Introducing native support for JSON on data.world
In recent years JSON has become the primary format for data exchange on the Internet. If you’ve queried data from an API on the web, or dug into your browser’s console, chances are you’ve seen it. JSON is great for exchanging information between server and client, and it’s certainly not a bad format for sharing data with others. That’s why at data.world we now support a subset of JSON natively*. No need to convert to CSV, Excel or Linked Data, just upload your raw JSON, and we’ll do the rest.
Example: My Forked Github Repos
I have a number of git repositories on Github, and I’m wondering how many of them are forked from other repositories. First I’ll need to pull down my raw “repo” data from Github. Fortunately, they have a great API that makes this step easy.
A quick curl command and I have all my public repos. Let’s take a look…

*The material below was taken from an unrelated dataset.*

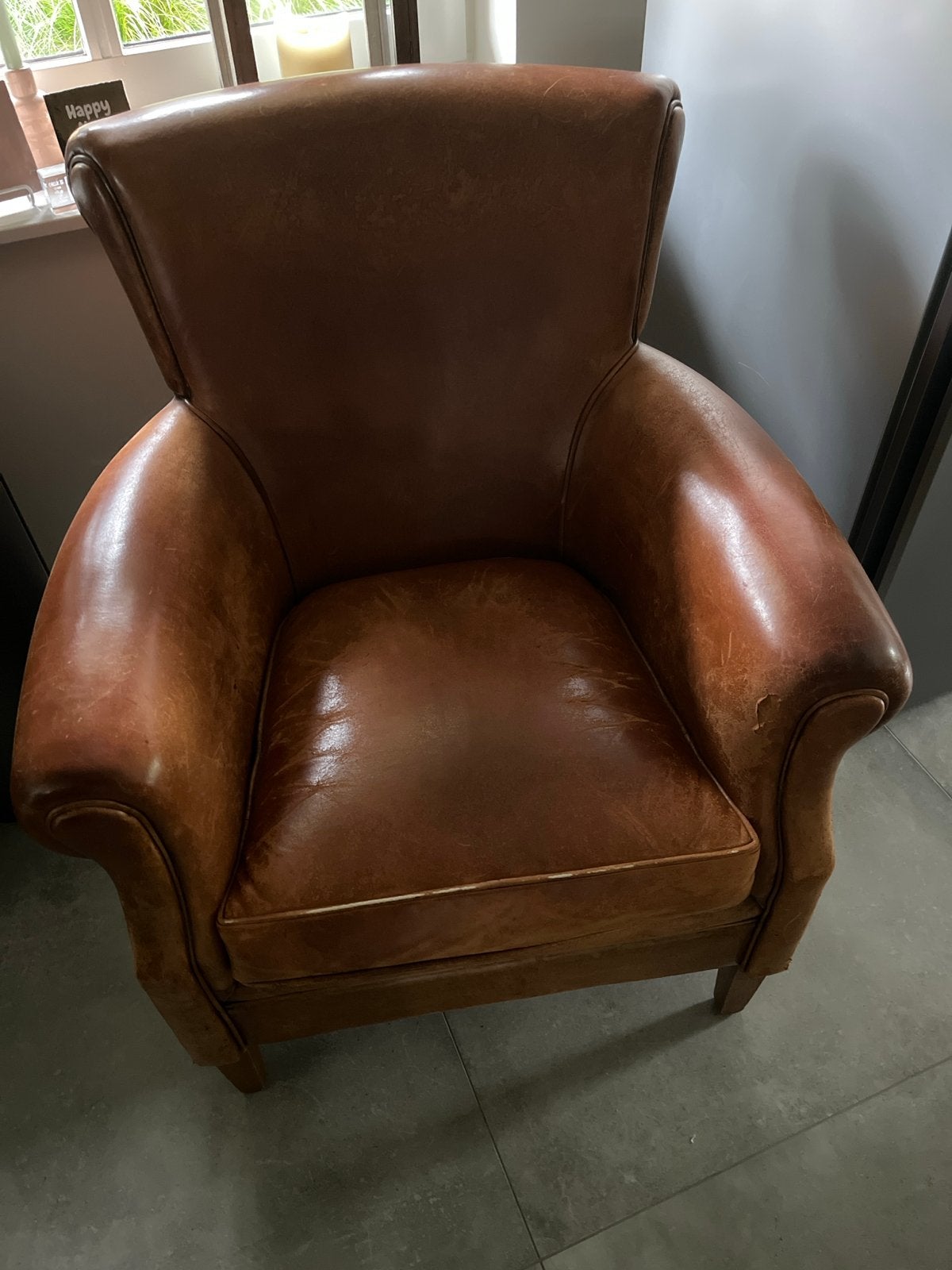 Lounge Atelier Leren Fauteuil - Cognac Bruin, Ophalen, Gebruikt, Bruin, Leer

This is a good starting point, but it doesn’t really answer my question. What I really need is a way to aggregate my data quickly to understand what all these columns are. In the past, I might have loaded data like this into Python or R to poke around a bit, but now I can toss it right into a dataset and view it there.
In just a few seconds, I’ve created a new dataset with my repositories. Since the data is tabular in nature (a list of objects), data.world has intelligently parsed it into a table. This is already significantly easier on the eyes.
But I still don’t really have a clear answer to my original question. What I really want is aggregate info about the the data in the column named “fork”. Let’s explore this file and see what we can learn.
I can clearly see that I have 84 columns of data, and when I expand the “forks” column, I find that it’s actually a Boolean with 48.15% of the values being true.
That’s interesting. I have the answer to my original question. But now I’m wondering precisely which repos are forked. I could scan through the data, but why do that when we can query with SQL! That’s right, data friends, this file isn’t just presented as tabular data, it is tabular data. That means we can query it directly!
But that’s not all!
We’ve loaded JSON and queried it with SQL in seconds. And what’s more, since your JSON data is now a first class citizen, you have access to a host of other features.
- Query data using SPARQL or SQL through the UI or using JDBC
- Export CSV, R lang and/or Python code quickly
- Access your data directly through our growing list of API’s
- Integrate using R and Python libraries
- Explore data visually using our chart builder
And more coming soon. So please take a look—here’s my github dataset—and tell us what you think. We look forward to hearing from you.
- Note: Only somewhat “tidy” JSON will be enhanced for exploration and query. This primarily means arrays of objects, or typical result set formats such as objects which contains a single “results” property which is an array.